War der Libyen-Krieg eine humanitäre Intervention? Darüber und über den Einsatz als solchen wird in unserer Redaktion und unter unserer Leserschaft heftig gestritten. Gestern schrieb Jochen Bittner: Mit der Libyen-Intervention der Nato wurde schlimmere Gewalt verhindert. Hier antwortet nun Ulrich Ladurner. Er hat aus allen Kriegen mit westlicher Beteiligung seit 1992 (Bosnien, Kosovo, Mazedonien, Afghanistan, Irak, Libyen) als Reporter berichtet.

Die internationale Gemeinschaft ist dazu verpflichtet, Menschenrechte zu schützen – wo auch immer. Das ist eine schöne, noble Idee. Sie ist bereits in der Charta der Vereinten Nationen festgehalten, wenn auch etwas schwammig. 2005 wurde diese Idee unter der Formel Responsibility to Protect weiter konkretisiert. Seitdem reden wir von „Schutzverantwortung“. Diese Idee war die Grundlage für die Intervention der Nato in Libyen. Die Resolution des Sicherheitsrates 1973 beruft sich auf diese Schutzverantwortung. Mit anderen Worten: Die Libyen-Intervention der Nato gilt unter ihren Befürwortern als lupenreine „humanitäre Intervention“.

Doch leider ist das Gegenteil der Fall: Diese Intervention ist in Wahrheit die Perversion einer guten Idee.

Es ist auffallend, wie Kriegsbefürworter sich darum bemühen, alle Schattenseiten dieses Krieges anzusprechen. Die Menschenrechtskrieger wollen offensichtlich auch im Krieg noch korrekt sein und listen alles penibel auf. Die Nato hat die Resolution 1973 eigenmächtig ausgelegt? Ja, gewiss, aber es war für einen guten Zweck! Die Nato hat sich von Beginn an zur Luftwaffe der Rebellen gemacht? Ja, aber der Zweck war wichtig! Die Rebellen haben sich der Kriegsverbrechen schuldig gemacht? Ja, aber diese Barbarei wird überstrahlt vom hellen Licht unseres Zwecks! Gadhafi ist von einem Mob gelyncht worden unter kräftiger Mithilfe der Nato? Ja, aber der Zweck! Es war für einen guten Zweck! Und so geht es weiter.

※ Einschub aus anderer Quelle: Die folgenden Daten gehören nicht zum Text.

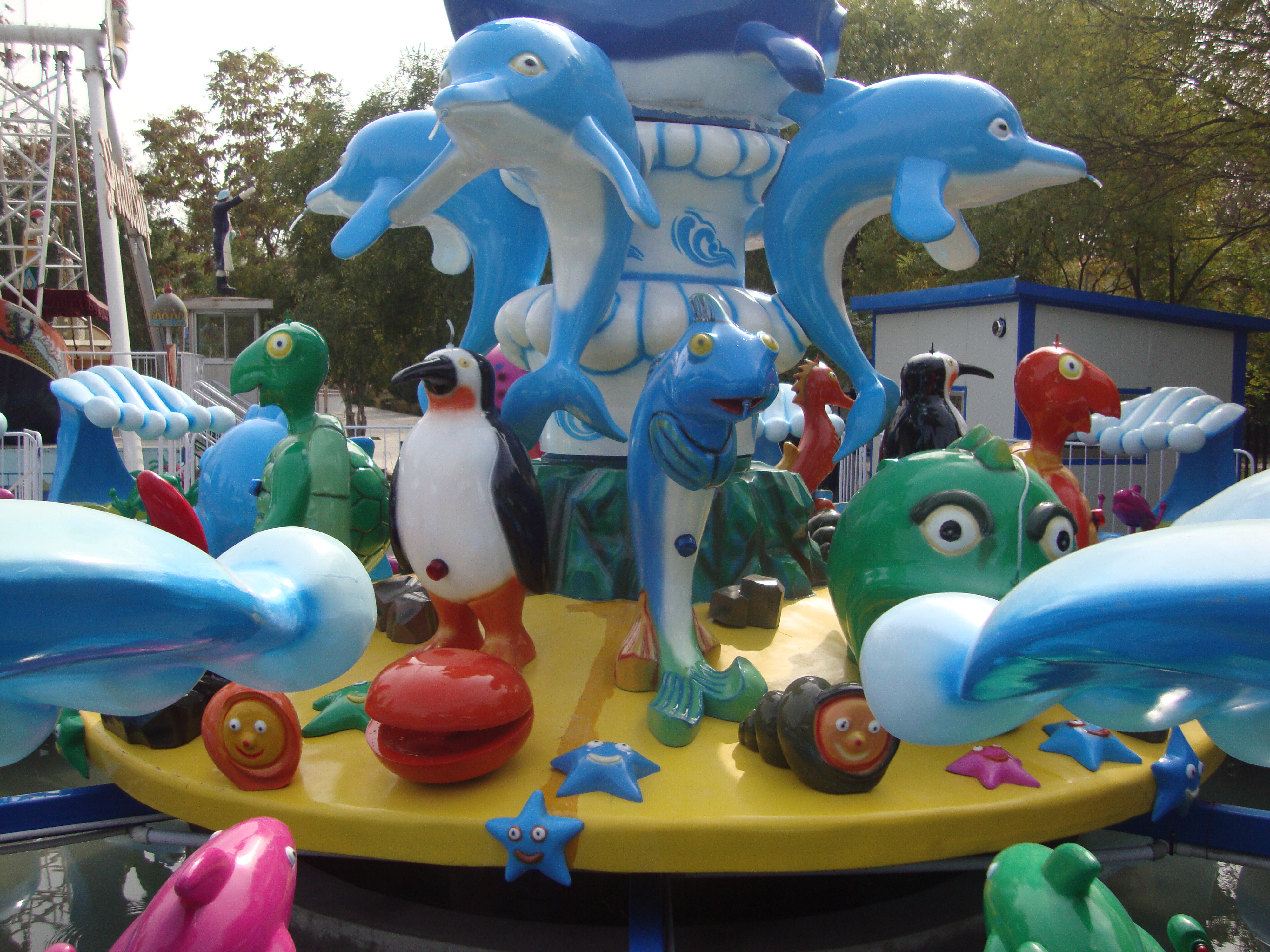 創(chuàng)藝游樂(lè)淺談新型游樂(lè)設(shè)備公園游樂(lè)園必不可少項(xiàng)目激戰(zhàn)鯊魚島 激戰(zhàn)鯊魚島游樂(lè)設(shè)備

Die Befürworter des Krieges kehren all den Schmutz nicht unter den Teppich, sie sammeln ihn. Das ist schlimmer. Sie stellen die Barbarei aus und erklären sie im Lichte des Fortschritts für unerheblich. Auf diese Weise werden die Menschenrechte herabgewürdigt.

Man kann dem Krieg in Libyen zustimmen, nur humanitär sollte man ihn nicht nennen – zum Wohle der Menschenrechte. Die Schutzverantwortung bleibt eine gute, noble Idee. Die Intervention in Libyen beweist aber, dass sie Gefahr läuft, zur Ideologie zu verkommen. Denn das Kennzeichen aller gefährlichen Ideologien ist eben dies: Der Zweck heiligt die Mittel.

Der Dichter Robert Gernhardt hat ein paar schöne Zeilen dafür gefunden:

Mein liebes Kind, wir wollen Dich befreien,
Das heißt: Wir müssen dich zuvor beschießen.